Extract the records in full, leaving every picture out.

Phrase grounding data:
════════
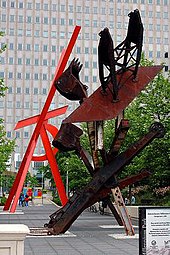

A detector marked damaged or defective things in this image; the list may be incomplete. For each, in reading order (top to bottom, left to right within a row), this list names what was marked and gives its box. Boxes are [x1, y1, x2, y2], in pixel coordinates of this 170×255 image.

rusty metal sculpture [44, 10, 165, 237]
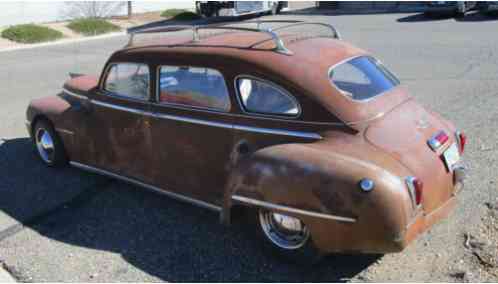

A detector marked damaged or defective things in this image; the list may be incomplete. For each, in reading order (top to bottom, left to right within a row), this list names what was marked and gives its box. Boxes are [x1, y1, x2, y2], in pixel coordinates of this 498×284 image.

rust patina paint [26, 30, 462, 254]
rusty car body [24, 20, 466, 262]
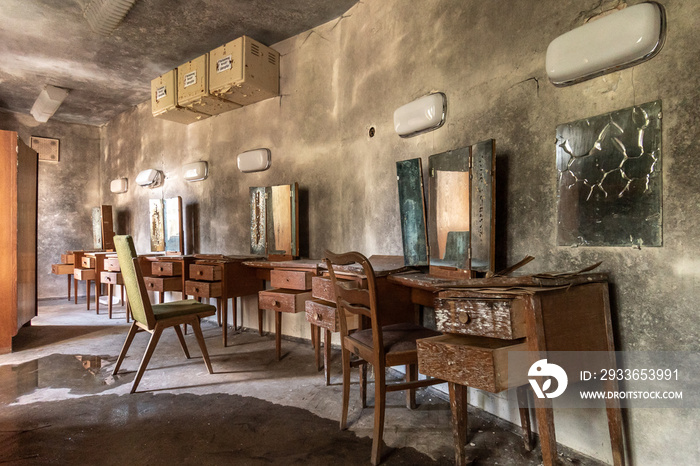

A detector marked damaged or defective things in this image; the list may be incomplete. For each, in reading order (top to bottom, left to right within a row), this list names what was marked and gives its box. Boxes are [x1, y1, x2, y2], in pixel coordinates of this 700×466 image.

cracked concrete wall [0, 110, 101, 298]
broken mirror [396, 157, 430, 264]
broken mirror [556, 99, 664, 248]
water damaged floor [0, 300, 604, 464]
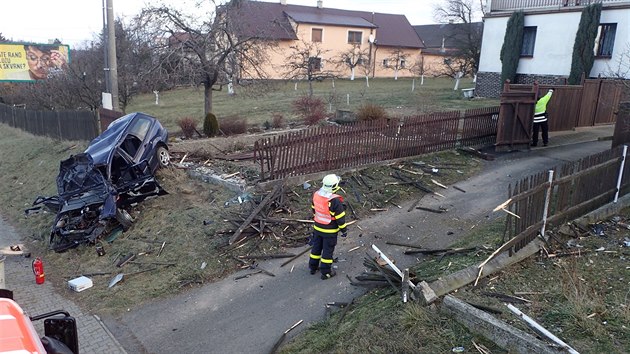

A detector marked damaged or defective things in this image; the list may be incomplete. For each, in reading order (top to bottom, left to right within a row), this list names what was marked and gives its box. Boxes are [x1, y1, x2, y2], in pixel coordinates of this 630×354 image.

severely damaged car [31, 112, 170, 250]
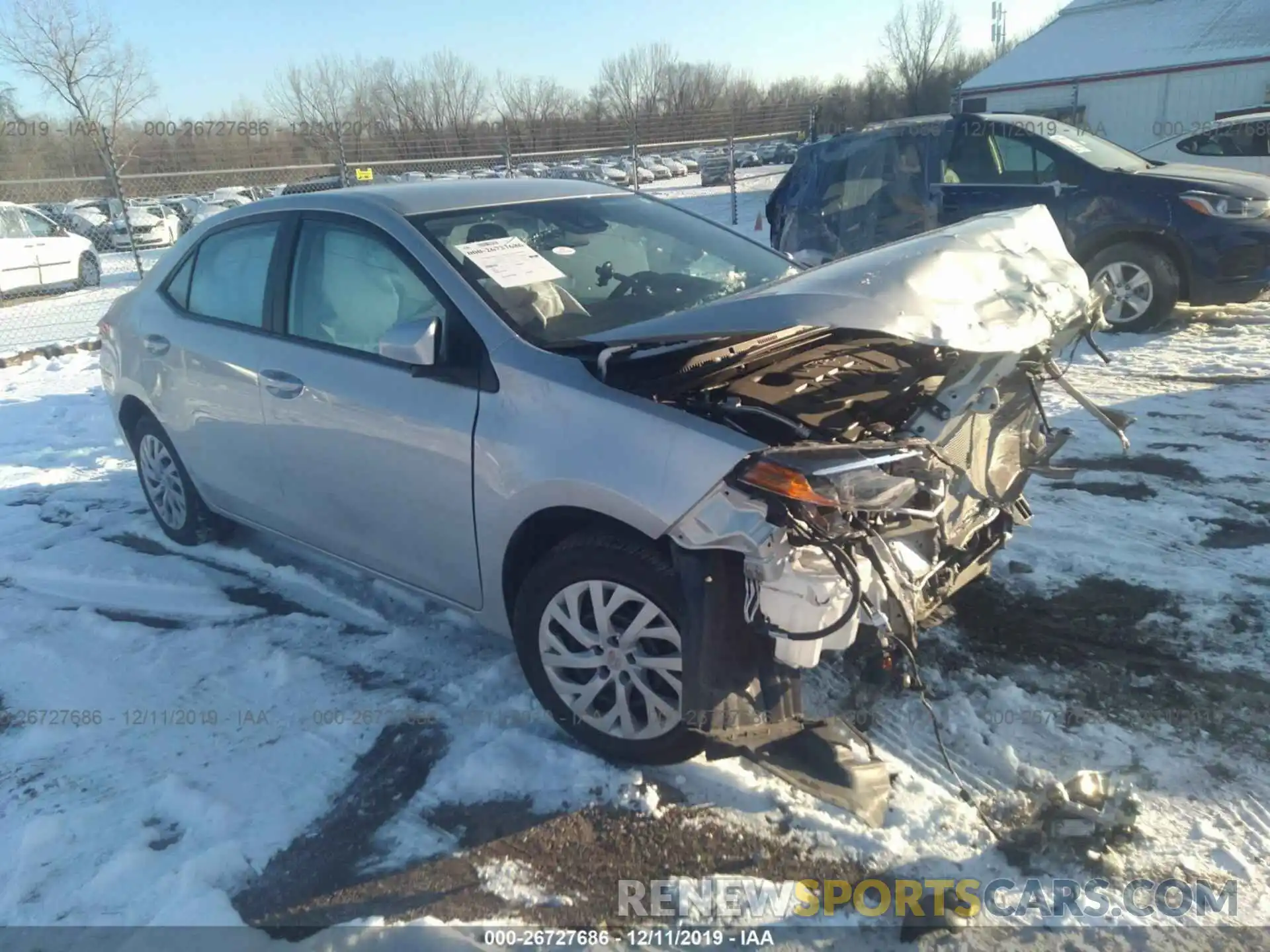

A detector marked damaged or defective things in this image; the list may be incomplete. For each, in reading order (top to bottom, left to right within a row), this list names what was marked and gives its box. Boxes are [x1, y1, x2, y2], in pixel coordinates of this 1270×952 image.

damaged headlight [741, 444, 937, 516]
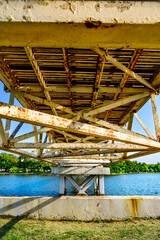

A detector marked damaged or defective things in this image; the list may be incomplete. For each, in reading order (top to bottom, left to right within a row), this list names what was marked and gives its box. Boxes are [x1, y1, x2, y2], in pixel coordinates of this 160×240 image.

rusty steel beam [104, 48, 143, 121]
rusty steel beam [0, 102, 160, 149]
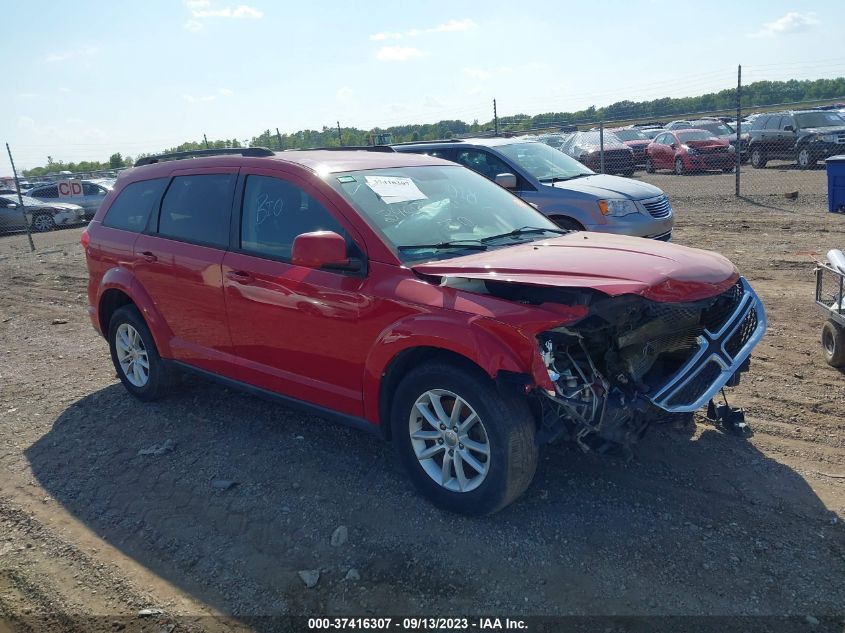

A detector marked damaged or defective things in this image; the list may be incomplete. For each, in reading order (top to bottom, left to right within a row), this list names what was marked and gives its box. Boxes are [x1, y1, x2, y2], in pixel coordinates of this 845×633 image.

crumpled hood [552, 173, 664, 200]
crumpled hood [410, 231, 740, 302]
front-end collision damage [536, 278, 764, 452]
damaged front bumper [648, 276, 764, 410]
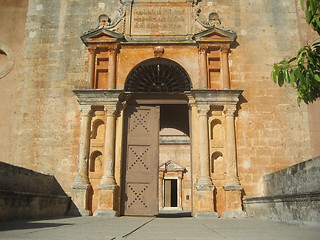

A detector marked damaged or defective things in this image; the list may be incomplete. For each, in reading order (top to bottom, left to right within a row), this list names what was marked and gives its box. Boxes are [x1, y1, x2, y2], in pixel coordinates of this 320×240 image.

broken pediment [80, 27, 125, 46]
broken pediment [194, 27, 236, 43]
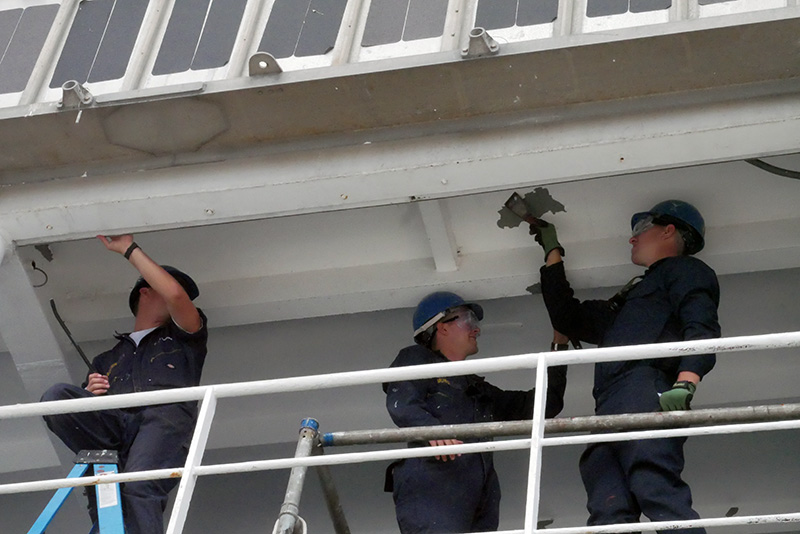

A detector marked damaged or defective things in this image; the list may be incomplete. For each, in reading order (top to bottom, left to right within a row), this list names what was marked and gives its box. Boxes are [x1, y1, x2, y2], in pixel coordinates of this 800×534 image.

peeling paint patch [496, 187, 564, 229]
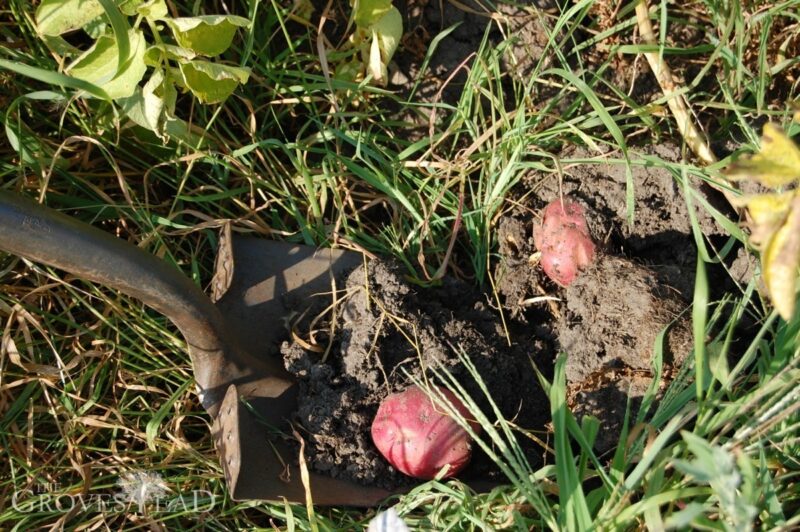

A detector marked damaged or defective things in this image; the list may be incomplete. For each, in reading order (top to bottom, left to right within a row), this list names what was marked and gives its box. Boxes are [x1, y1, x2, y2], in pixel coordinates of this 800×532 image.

rusty metal shovel [0, 190, 394, 502]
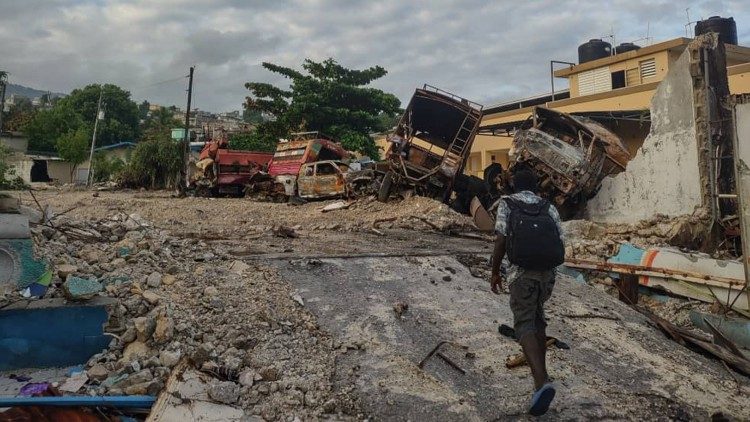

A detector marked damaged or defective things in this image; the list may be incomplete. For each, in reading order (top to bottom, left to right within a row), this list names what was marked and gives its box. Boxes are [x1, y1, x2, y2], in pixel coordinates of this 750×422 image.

burned car [298, 160, 382, 199]
burned car [378, 84, 484, 203]
overturned vehicle [378, 84, 484, 203]
destroyed truck [378, 85, 484, 204]
overturned vehicle [472, 107, 632, 229]
destroyed truck [472, 107, 632, 229]
burned car [472, 107, 632, 229]
damaged wall [592, 35, 724, 224]
broken wall [592, 36, 724, 224]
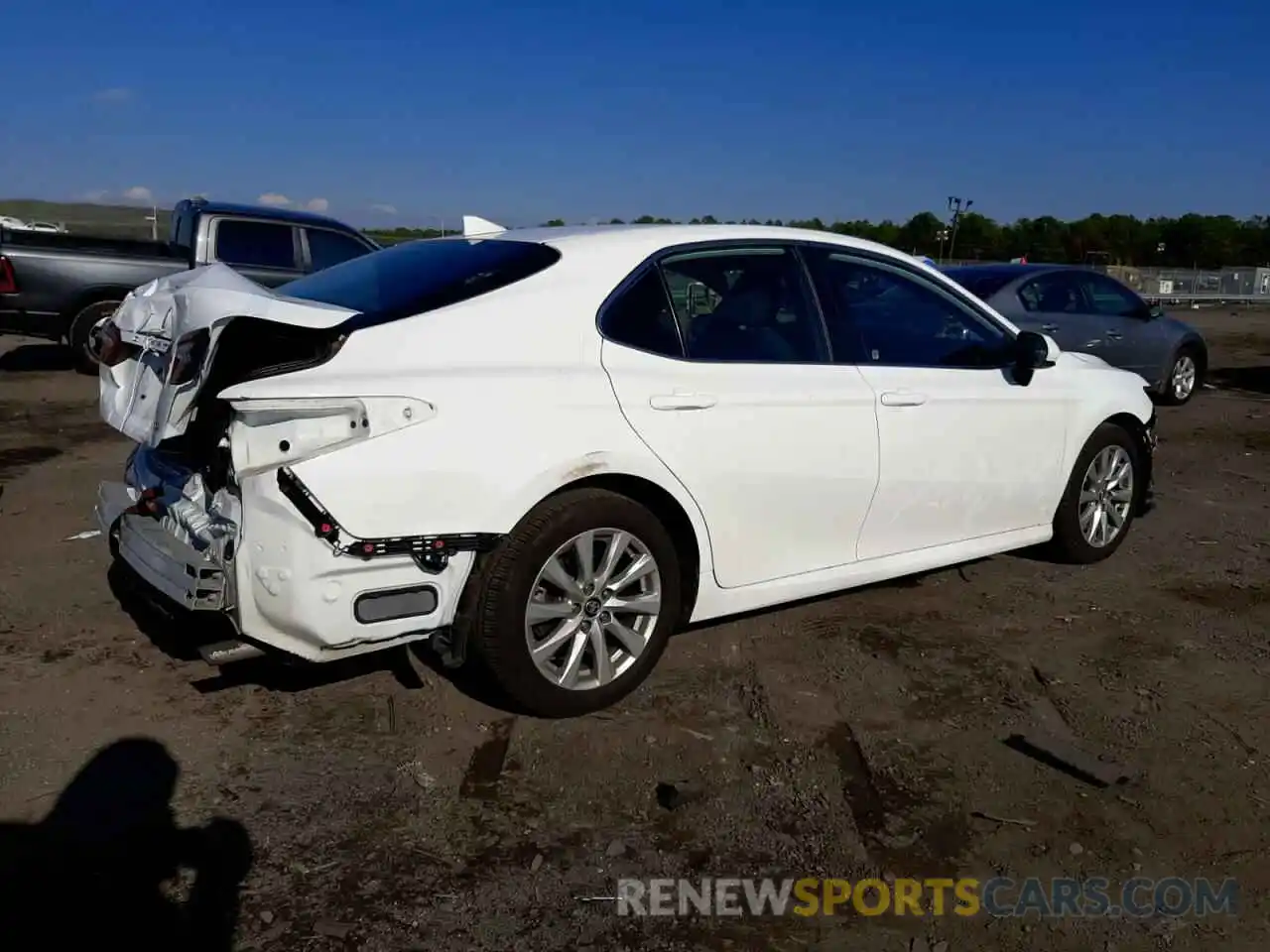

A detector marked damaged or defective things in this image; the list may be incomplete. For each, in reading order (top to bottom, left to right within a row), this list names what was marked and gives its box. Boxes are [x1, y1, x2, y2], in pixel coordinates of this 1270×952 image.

damaged white car [89, 219, 1163, 721]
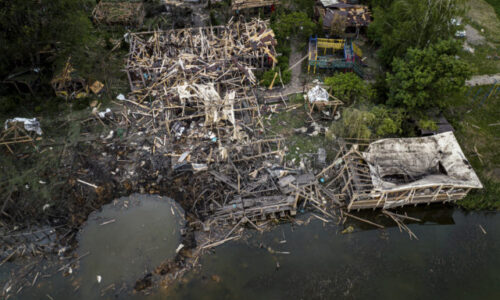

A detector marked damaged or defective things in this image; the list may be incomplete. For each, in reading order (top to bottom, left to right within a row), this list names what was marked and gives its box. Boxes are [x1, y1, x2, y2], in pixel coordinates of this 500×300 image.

burned structure [316, 0, 372, 35]
damaged framework [322, 132, 482, 210]
burned structure [322, 132, 482, 210]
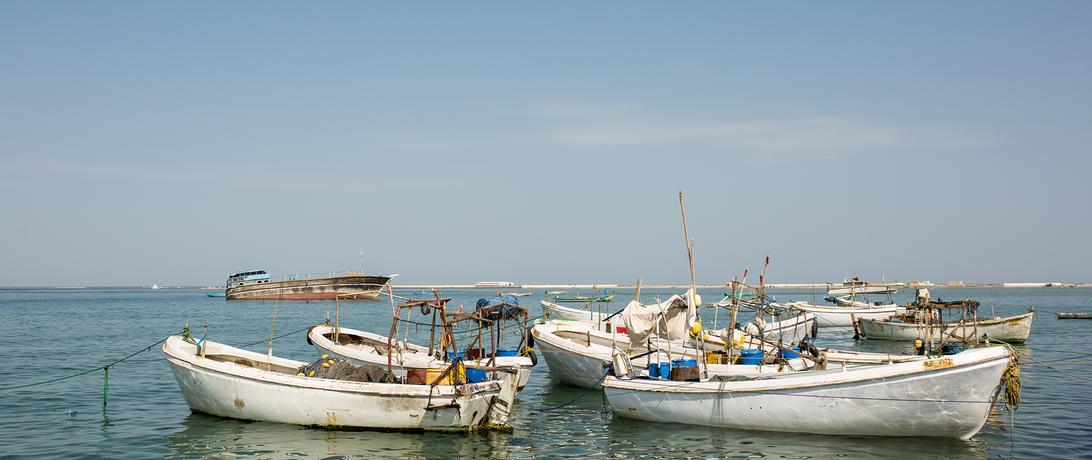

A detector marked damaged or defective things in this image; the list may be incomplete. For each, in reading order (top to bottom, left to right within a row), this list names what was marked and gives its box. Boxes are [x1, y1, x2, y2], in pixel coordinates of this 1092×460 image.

rusty cargo ship [223, 266, 390, 299]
════════
● **OUTPUT**:
A detector marked damaged or defective things in this image; the list may be incomplete. For each, in reading order (top to bottom, left to right within a row), this list names what was marked and gives its box. Boxes are [x1, y1, x2, y2], in pixel coordinates of this 170×255 image.

rusty metal sculpture [44, 10, 165, 237]

A detector marked damaged or defective things in this image; the list may be incomplete. For each, in reading order (top to bottom, left to right within a row), this list names what was marked and gives its box. Boxes are [x1, y1, x2, y2], in pixel coordinates of this 498×284 image.

rust patina paint [26, 30, 462, 254]
rusty car body [24, 20, 466, 262]

A detector marked damaged or defective things in this image; the list may be incomplete. For each, in reading order (top to bottom, left to right within a row), this list names what was marked and gives its box. Boxes are [x1, y1, x2, y2], in pixel coordinates of this 700×466 image.

cracked concrete wall [0, 110, 101, 298]
broken mirror [396, 157, 430, 264]
broken mirror [556, 99, 664, 248]
water damaged floor [0, 300, 604, 464]

A detector marked damaged or defective things in this image; the list may be incomplete. For each, in reading order (top to bottom, left to right within a row), this list names what was marked and gives its box. Boxes are [x1, y1, x2, y2], in pixel coordinates of this 630×354 image.

severely damaged car [31, 112, 170, 250]

A detector marked damaged or defective things in this image; the list may be incomplete. For each, in reading order (top to bottom, left to right within a row), this list names what was marked and gives its box. Boxes are [x1, y1, x2, y2], in pixel coordinates of this 1270×952 image.

damaged headlight [741, 444, 937, 516]

A detector marked damaged or defective things in this image; the list may be incomplete. For each, in reading order (top to bottom, left to right within a row), this list names what was marked and gives its box. Boxes are [x1, y1, x2, y2], in pixel coordinates of this 160×240 image.

rusty steel beam [104, 48, 143, 121]
rusty steel beam [0, 102, 160, 149]

A detector marked damaged or defective things in this image; the list may be incomplete. For each, in reading order (top to bottom, left to right within a row), this list names what was marked and gives its box. Boxes are [x1, y1, x2, y2], in pixel coordinates of this 845×633 image.

crumpled hood [552, 173, 664, 200]
crumpled hood [410, 231, 740, 302]
front-end collision damage [536, 278, 764, 452]
damaged front bumper [648, 276, 764, 410]

A detector marked damaged or defective things in this image; the list may be incomplete. For each, in reading order (top to bottom, left to right within a row), this list names what was marked and gives its box. Boxes are [x1, y1, x2, y2], in pixel coordinates of this 320×240 image.

broken pediment [80, 27, 125, 46]
broken pediment [194, 27, 236, 43]

A detector marked damaged or defective things in this image; the list may be incomplete. For each, in reading order (top to bottom, left to right within a row), this list names what was marked and gives its box. Boxes are [x1, y1, x2, y2], in pixel coordinates of this 800×534 image.

peeling paint patch [496, 187, 564, 229]

A detector marked damaged or defective things in this image; the list may be incomplete. For each, in reading order (top to bottom, left to right within a row), this list names what was marked and gives its box. Boxes are [x1, y1, x2, y2], in pixel coordinates of this 800×532 image.

rusty metal shovel [0, 190, 394, 502]

A detector marked damaged or defective things in this image; the list may be incomplete. For each, in reading order (top to bottom, left to right within a row), this list names what was marked and gives its box. Boxes are [x1, y1, x2, y2], in pixel coordinates of this 750×422 image.

burned car [298, 160, 382, 199]
burned car [378, 84, 484, 203]
overturned vehicle [378, 84, 484, 203]
destroyed truck [378, 85, 484, 204]
overturned vehicle [472, 107, 632, 229]
destroyed truck [472, 107, 632, 229]
burned car [472, 107, 632, 229]
damaged wall [592, 35, 724, 224]
broken wall [592, 36, 724, 224]

A detector marked damaged or defective things in this image; the list may be incomplete. For each, in reading order (top to bottom, left to right within a row), this list names what was marked and gives its box. Boxes are [x1, y1, x2, y2], in pixel coordinates of this 1270×952 image.

damaged white car [89, 219, 1163, 721]

A detector marked damaged or defective things in this image; the list may be incomplete. For each, in reading order (top to bottom, left to right within a row), this list names what was marked and gives its box. Boxes are [x1, y1, x2, y2], in pixel coordinates of this 500×300 image.

burned structure [316, 0, 372, 35]
damaged framework [322, 132, 482, 210]
burned structure [322, 132, 482, 210]

A detector marked damaged or defective things in this image; the list may be incomplete. For each, in reading order (top to bottom, left to right within a row), this list names what was marked and gives its box. Boxes are [x1, y1, x2, y2], in pixel coordinates of this 1092×460 image.

rusty cargo ship [223, 266, 390, 299]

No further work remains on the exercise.